WHAT YOU ARE ASKED TO DO: Print out the data that follows exactly, character for character, apart from the pictures.

+++ MATERIAL FOR THE TASK

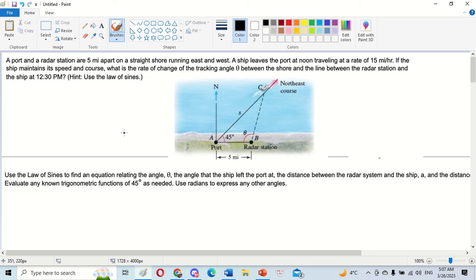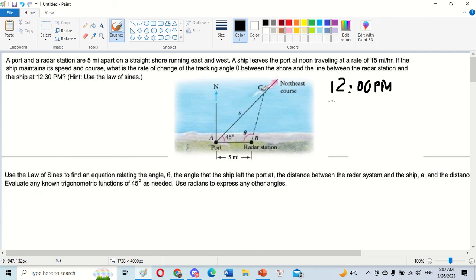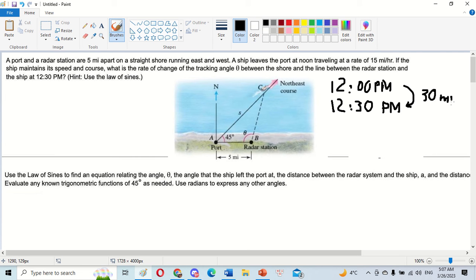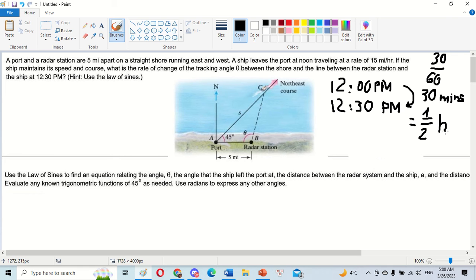We know that at noon, that is 12:00 PM, the ship departs. Later the ship is traveling and we look at 12:30 PM. The time from departure to 12:30 PM is about 30 minutes, or we have one-half hour — that is 30 divided by 60 minutes converted to hours.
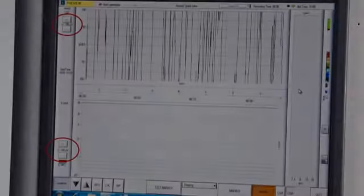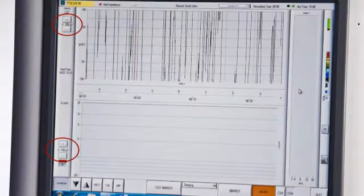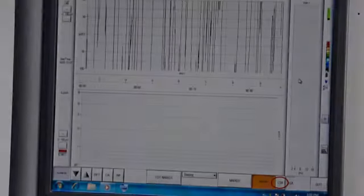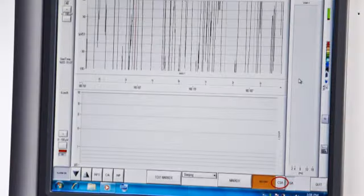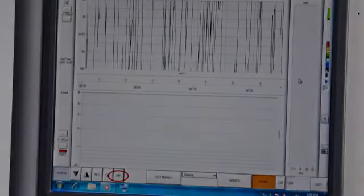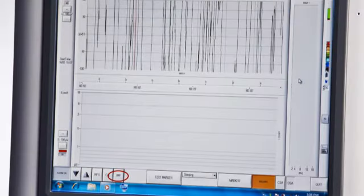To adjust the EEG and AEEG scales, you can use the scroll keys on the left-hand side of the screen. You can switch between CSA and DSA or you can switch it off altogether.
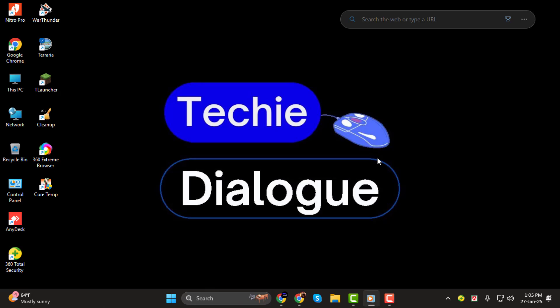Before we get started, don't forget to subscribe to the channel and hit the bell icon so you never miss any of our helpful tutorials. Let's begin.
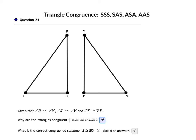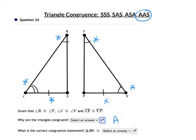In question 24, we're given that angle R is congruent to angle Y, angle J is congruent to angle V, and JX is congruent to segment PV. Notice the order — we have Angle-Angle-Side. Mark angle X congruent to angle P. Following the same corresponding order, triangle JRX is congruent to triangle VYP.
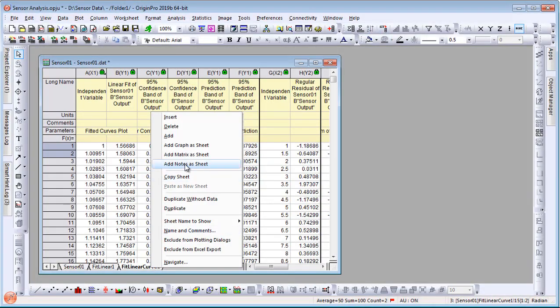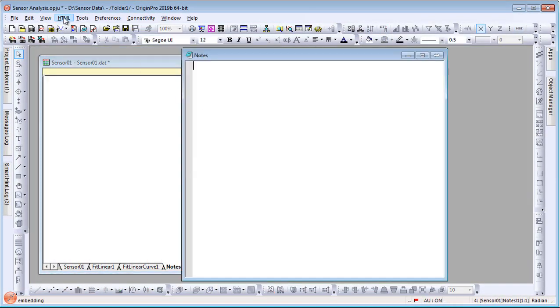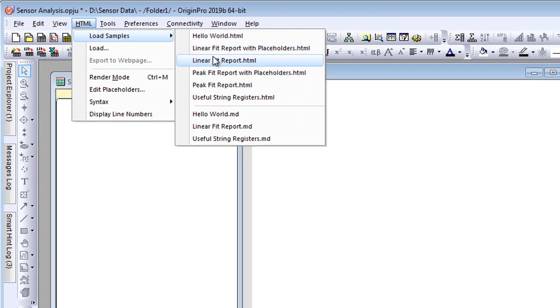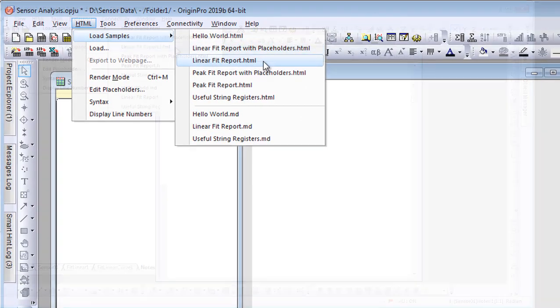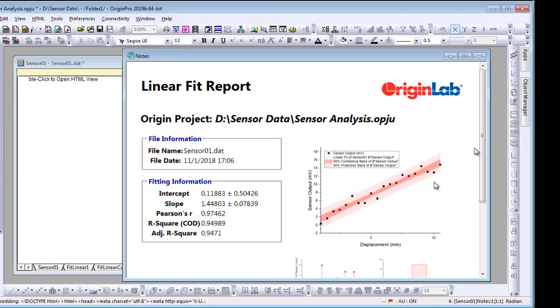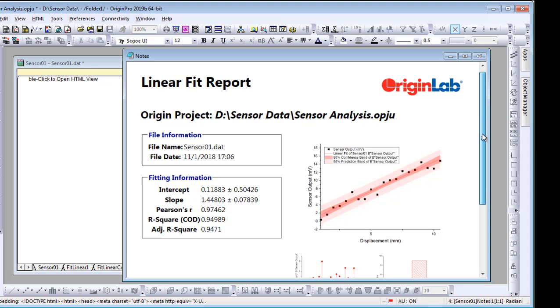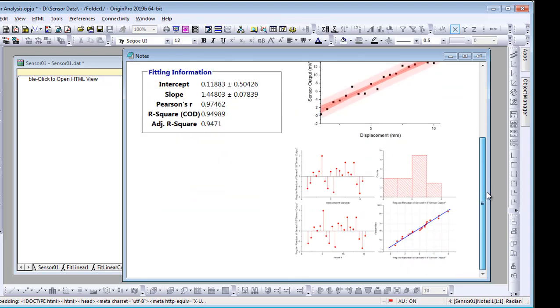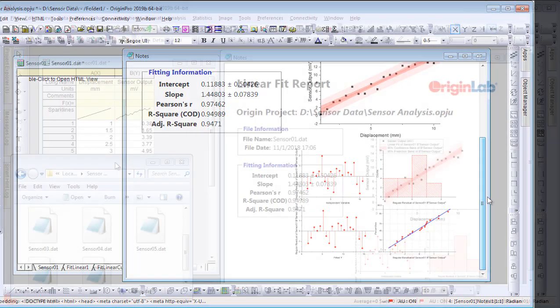Build a custom report using HTML or markdown syntax in a separate notes window. Add desired graphs and tables and a company logo, and you have a report that is ready to share.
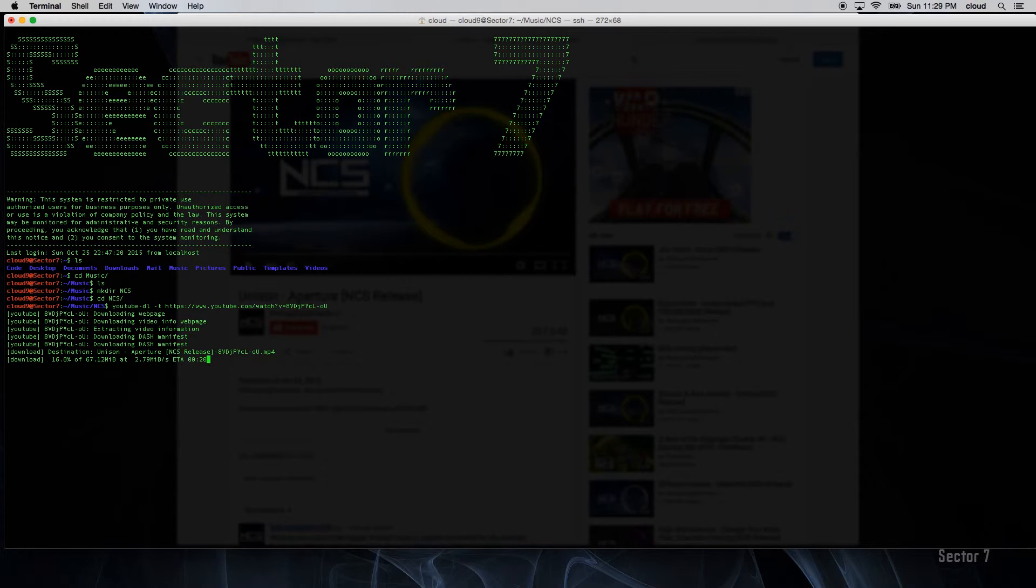I must point out here that there are other options in YouTube DL which allow you to download a video straight to audio.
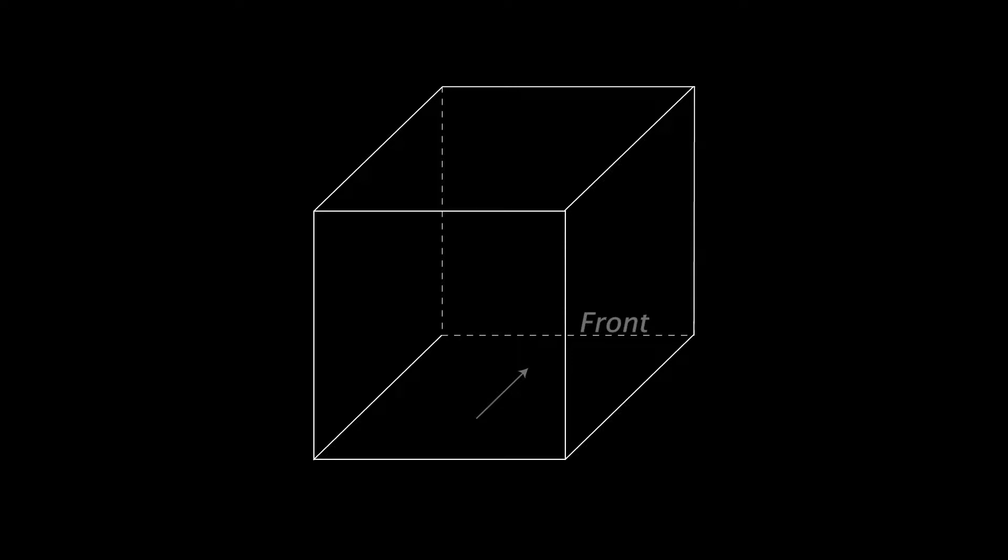A quick way to think about this is that the top of your environment is channels 1, 2, 3, and 4, and the bottom is channels 5, 6, 7, and 8.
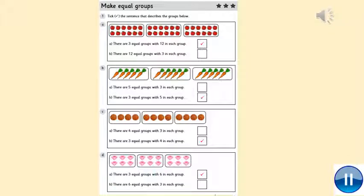And here are the answers — remember to tick or fix. So: 1A — there are three equal groups with 12 apples in each group. B — there are three equal groups with five in each group. C — there are three equal groups with four in each group. And D — there are three equal groups with six in each group. Pause the video if you need to catch up and mark them — tick or fix.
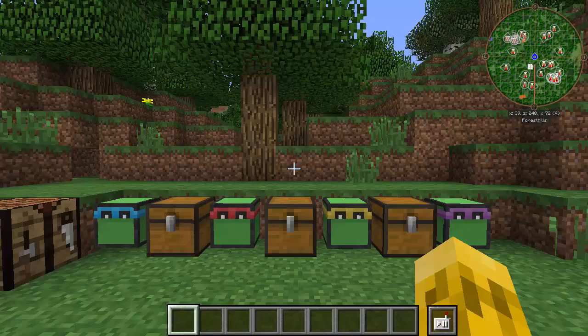Hello everyone, FunshineX here. Welcome back to ComputerCraftEDU tutorials. This is part two. If you've not seen part one, I urge you to go check it out — you'll get an introduction to ComputerCraftEDU: what it is, how to install it, how to use it, that kind of thing.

++++++

RESULT:
We know that at noon, that is 12:00 PM, the ship departs. Later the ship is traveling and we look at 12:30 PM. The time from departure to 12:30 PM is about 30 minutes, or we have one-half hour — that is 30 divided by 60 minutes converted to hours.
To adjust the EEG and AEEG scales, you can use the scroll keys on the left-hand side of the screen. You can switch between CSA and DSA or you can switch it off altogether.
Before we get started, don't forget to subscribe to the channel and hit the bell icon so you never miss any of our helpful tutorials. Let's begin.
In question 24, we're given that angle R is congruent to angle Y, angle J is congruent to angle V, and JX is congruent to segment PV. Notice the order — we have Angle-Angle-Side. Mark angle X congruent to angle P. Following the same corresponding order, triangle JRX is congruent to triangle VYP.
Build a custom report using HTML or markdown syntax in a separate notes window. Add desired graphs and tables and a company logo, and you have a report that is ready to share.
I must point out here that there are other options in YouTube DL which allow you to download a video straight to audio.
A quick way to think about this is that the top of your environment is channels 1, 2, 3, and 4, and the bottom is channels 5, 6, 7, and 8.
And here are the answers — remember to tick or fix. So: 1A — there are three equal groups with 12 apples in each group. B — there are three equal groups with five in each group. C — there are three equal groups with four in each group. And D — there are three equal groups with six in each group. Pause the video if you need to catch up and mark them — tick or fix.
Hello everyone, FunshineX here. Welcome back to ComputerCraftEDU tutorials. This is part two. If you've not seen part one, I urge you to go check it out — you'll get an introduction to ComputerCraftEDU: what it is, how to install it, how to use it, that kind of thing.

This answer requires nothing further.